FEATURE
T-SHIRT&ME《PROLOGUE》
09 November 2022
#TAGS
  • #plugmagazine
  • #Tshirt
  • #FEATURE

EQUAL BUT DIFFERENT

PLUG MAGAZINE 編集長 YAMAMON


一昔前は、人前で、「政治」、「宗教」、「野球」の話だけはしてはならないと言われていた。いま現在、こういったタブーが日々増え続けているような気がしている。

人種問題やセクシャリティは言うに及ばず、ワクチンやマスクの有効性、ハラスメントへの見解や歴史認識、国葬の是非など、うっかり本音や持論を述べてしまうと瞬時にラベリング、カテゴライズされ、ばっさり「こういう人」「あっち側の人」というレッテルを貼られてしまう恐れがあるからだ。

多様性とインクルージョンの大切さが語られる一方、発言に過度な覚悟を求められることで表現の自由は実質的に侵され、分断は地下に潜ってあちこちに拡がっている。注意をはらうべきは敵対と孤立。私たちは、アンタッチャブルに支配された現代社会という地雷原の上を、恐る恐る沈黙しながら歩き続けなければならないのだろうか。

そんなことを考えながら、今号ではファッションスナップ特集を企画し、地元の人たち約500人にそれぞれが思い入れのある、または、単純に気に入っているTシャツを着用してもらった。

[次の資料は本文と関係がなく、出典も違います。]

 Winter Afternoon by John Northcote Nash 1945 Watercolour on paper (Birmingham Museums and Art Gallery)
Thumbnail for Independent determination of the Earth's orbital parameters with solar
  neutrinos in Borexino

いわずもがな、Tシャツは衣類の中でも特に政治や社会運動とも密接に関わってきたアイテムだ。1984年、英国のファッションデザイナーでスローガンTシャツの考案者でもあるキャサリン・ハムネットが、当時の首相マーガレット・サッチャーに謁見する際に「58% DON’T WANT PERSHING(国民の58%はアメリカ製弾道ミサイル、パーシングを望んでいない)」とプリントされたTシャツを着て握手をしたことは、特にエポックメイキングな出来事だろう。また、プリントTシャツは特定の集団の属性を端的に示す記号としてだけでなく、映画の宣伝として取り入れられたことを発端に、広告メディアとしても活用され、ミュージシャンや文化的活動を支えるグッズとしての役割も果たしてきた。歴史を紐解きながら考察するほどに、たかがTシャツ、されどTシャツではあるのだが、ここでは仰々しく持ち上げることはしない。

ただ、このスナップ企画を見てもらえば、これだけの大人数がいても一つとして同じものが無いことだけはわかってもらえるはずだ。デザインや色、素材、プリントや刺繍といった表現技法、経年変化の具合、価格、サイジング、選んだ理由、全て異なっているがどれも同じTシャツであることに変わりはない。

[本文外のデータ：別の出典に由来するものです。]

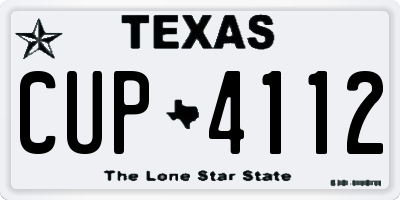 TX license plate CUP4112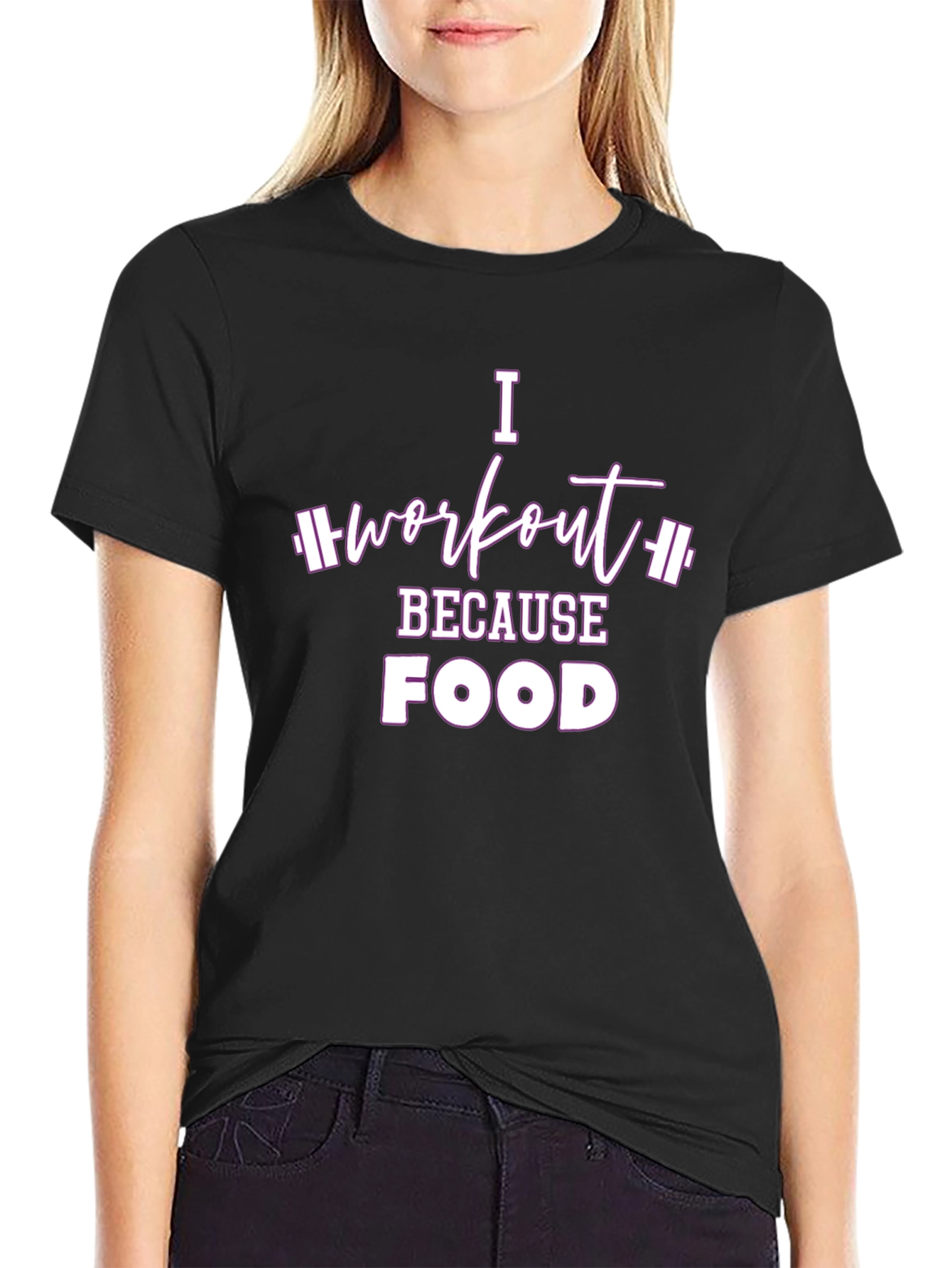 I Workout Because Food T-Shirt - Fitness Motivation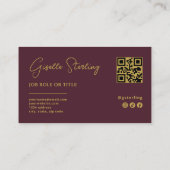 Carte De Visite Burgundy Gold Professional Entreprise Script Code (Dos)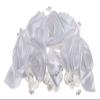 Charming Satin Rosette Bridal Comb Adorned with Wired Lace Appliques and Lustrous Floating Pearls for Wedding, Bridesmaid, Quinceaera or Other Special Events #88D8wh (WHITE) view 3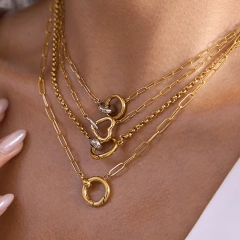 Stainless Steel 18k Gold Plated Waterproof DIY Chain Two Tone Double Circle Heart Cross Pendant Hypoallergenic Necklace YF6630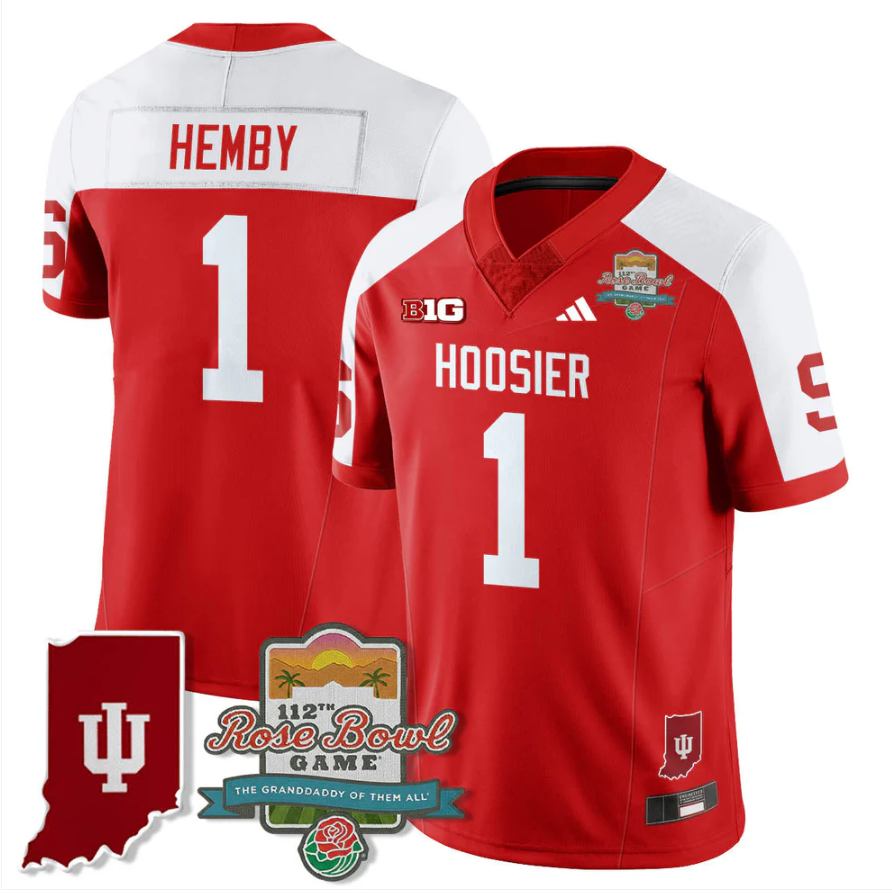 Roman Hemby Jersey #1 Indiana Hoosiers Rose Bowl 112th Patch Stitched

プリントTシャツに代表される何かしらの記号を着ることはすなわち意思表示であり、個人の内面を表現する行為、アイデンティティの発露だとも言えるが、だからといって「こいつ、男のくせにキャラクター物のピンクのTシャツを着ていて気持ち悪いやつだ」なんて風に蔑んだり、「みんな新品ばかりで何もわかっちゃいない。ヴィンテージの良さを教えてやらないといけないな」みたいに自分の価値観を押し付けようとは誰もしないはずだ。数年前に韓国のアイドルグループが原爆投下の写真がプリントされたTシャツを着用して炎上したことがあったが、例え挑発的なメッセージがプリントされていたとしても、本誌を見て誰かを糾弾しようとする人はまずいないだろう。

それは、着るものに対しては多様性と自由を認めるコンセンサスがおおよそ成り立っており、このスナップがイシューでもないからだ。理由もなくデザインに惹かれて着用しているTシャツに、実はかなり過激な表現があった、なんていうことは誰にでもあり得る話で、要するにそれを問題にしたいかどうかだけ。僕はむしろ、この人はなぜこれを着ているのか、なぜそれが好きなのかに興味を抱くし、もっと知りたいとも思う。

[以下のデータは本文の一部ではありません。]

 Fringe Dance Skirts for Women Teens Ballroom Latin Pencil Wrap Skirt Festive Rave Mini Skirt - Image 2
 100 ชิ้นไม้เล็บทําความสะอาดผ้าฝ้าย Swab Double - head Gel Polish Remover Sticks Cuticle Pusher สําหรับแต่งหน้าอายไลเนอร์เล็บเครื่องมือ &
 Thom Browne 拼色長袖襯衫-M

こうした他者への純粋な好奇心こそ、主義主張や意見の相違による分断を是正するアティテュードではないだろうか。みんな違ってみんないいのである。対立しがちな論争も、好きなTシャツを語り合う程度のことだと気を静め、互いを尊重することさえできれば良いのにと思ってしまう。私たちは誰かに規定される存在ではなく、私見をどこかに押し込めることもしなくていいはずだ。

好きなもの、嫌いなもの、正しいと思うもの、間違っていると思うもの。カッコイイと思うもの、ダサいと思うもの、価値があると思うもの、価値がないと思うもの。言葉にするのが憚られるのなら、知らないふりをして黙って着てしまえばいい。少なくとも、僕にとって好きな服を着ること、スタイルのある人を観ること、それについて語る自由は、こんな時代を生きていく上で無くてはならないカタルシスである。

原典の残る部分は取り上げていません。